Secondly, our findings call attention to digital technology and its affordances as quality indicators for evidence-based practice in special needs education. The contribution of affordances in inclusive situations has been recently highlighted where AR is concerned (Sheehy et al., 2019).

The two main outcomes of this review corroborate Gersten and Edyburn’s proposal regarding the “effectiveness of a particular technology” and the “instructional design of the technology intervention” (2007) as criteria for evidence-based practice.

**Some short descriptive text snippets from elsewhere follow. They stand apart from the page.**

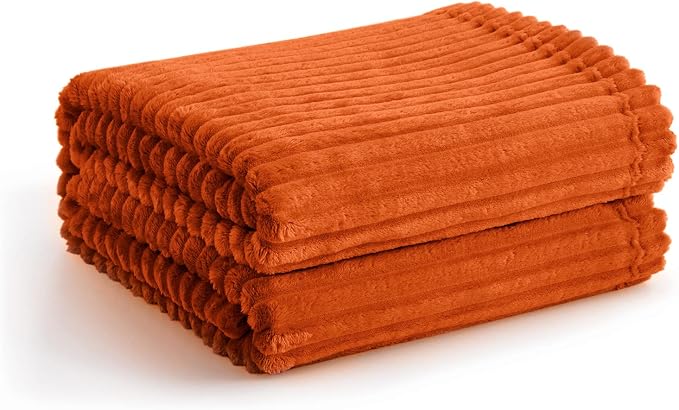 Vessia Flannel Fleece Orange Throw Blanket for Couch, Lightweight Warm Cozy Soft Striped Bed Throw for Adults and Kids, Microfiber Ribbed Sofa Blanket for All Season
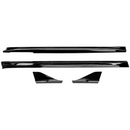 Direct side profile showcasing the extended aerodynamic rocker panel blades and lowered visual stance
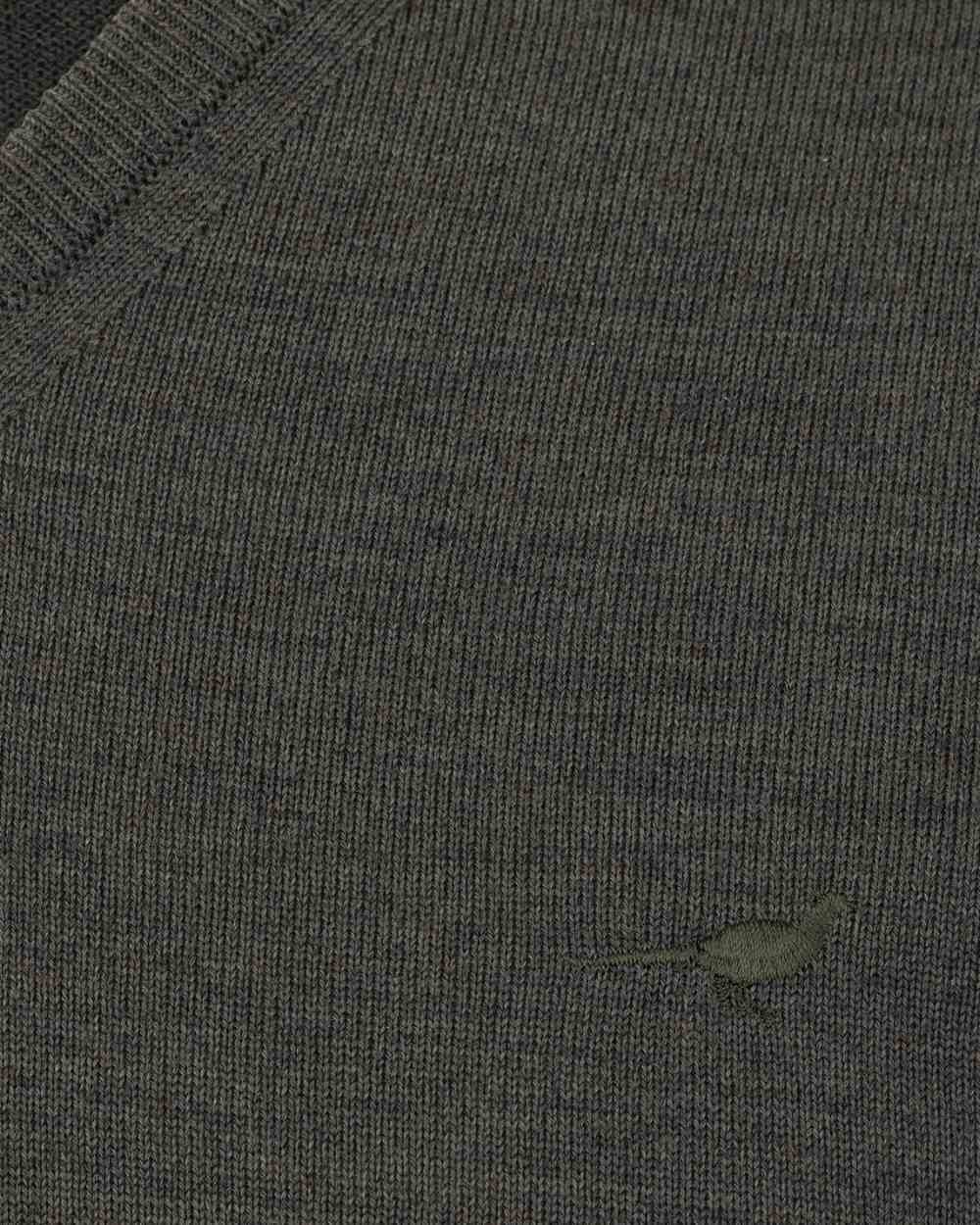 Loden Green Coloured Laksen Sussex V-Neck Sweater on white background #colour_loden-green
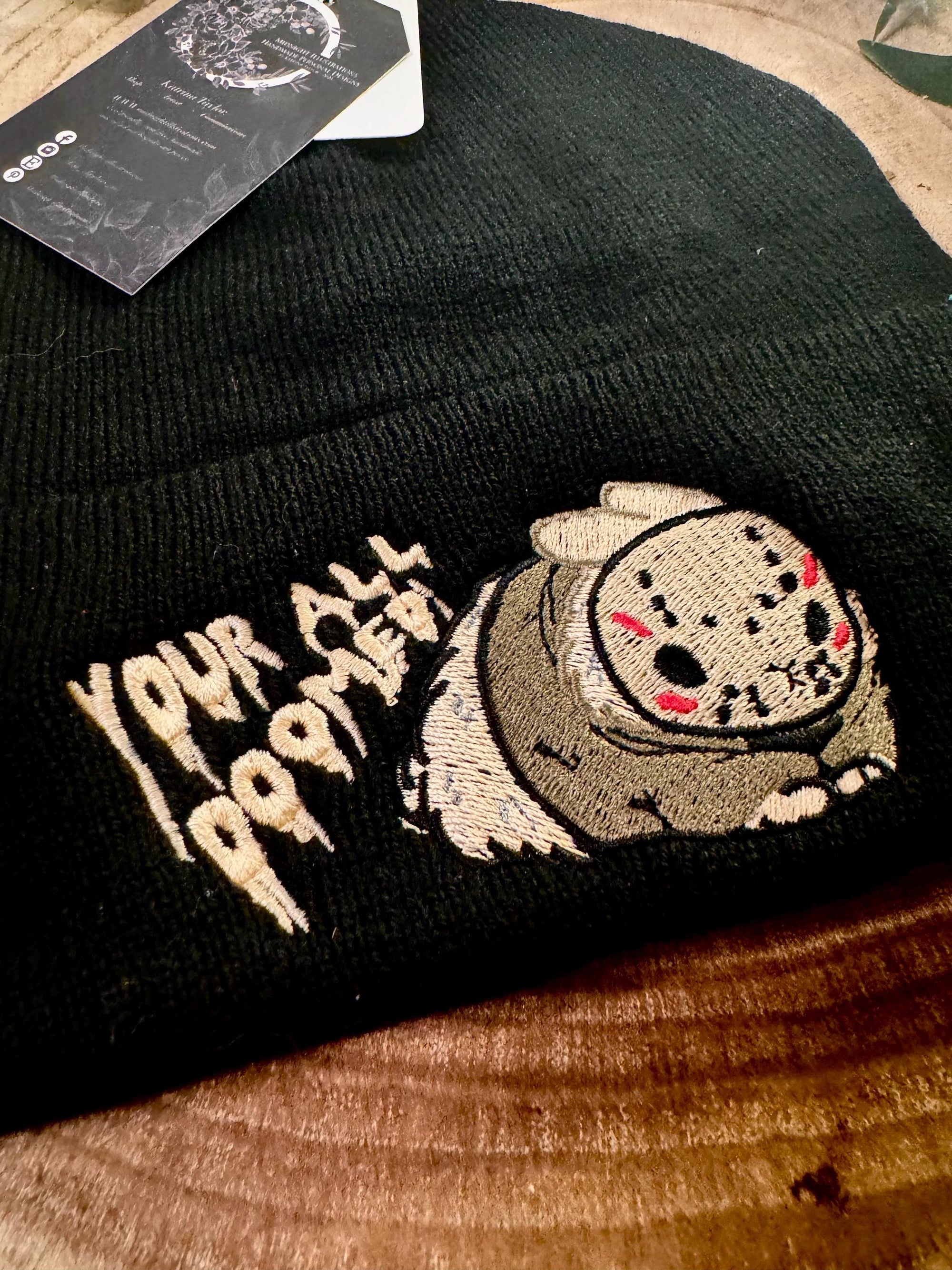 aborable THE BUNS (c) kawaii art rabbit cute horror Jason Friday the 13th inspired bun embroidered thermal hat black beanie creepy cute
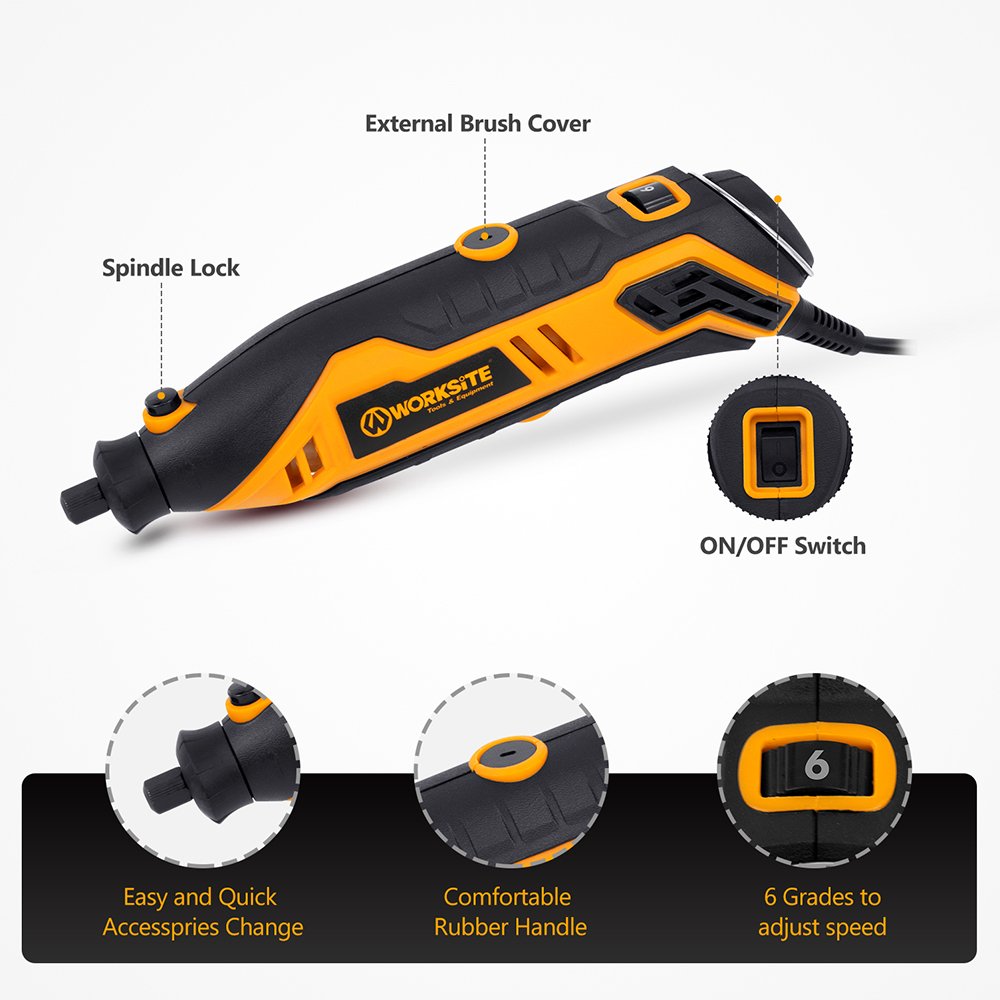 WORKSITE Customized 220V 700-1300rpm 101pcs Accessories Set Cutting Engraving Carving Wood Mini Grinder Electric Rotary Tool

6 Limitations and Future Research

A small number of studies regarding technology-based interventions in science education for students with disabilities were identified. The main limitation of this systematic review was the inclusion of papers published in the English language and in peer-reviewed journals. Additional searches in peer-reviewed conferences could have possibly added more resources, although researchers usually present their initial results in conferences following extended studies published in journals. Another limitation was the authors’ search in four databases (ERIC, SCOPUS, ScienceDirect, Google Scholar).

Empirical studies currently investigate the pedagogical added value of digital technology in science education for students with disabilities. Future research has to involve interventions that take into account the affordances of the technologies used, a thorough assessment of the research design and should configure one or more items regarding the proposed technology quality indicator.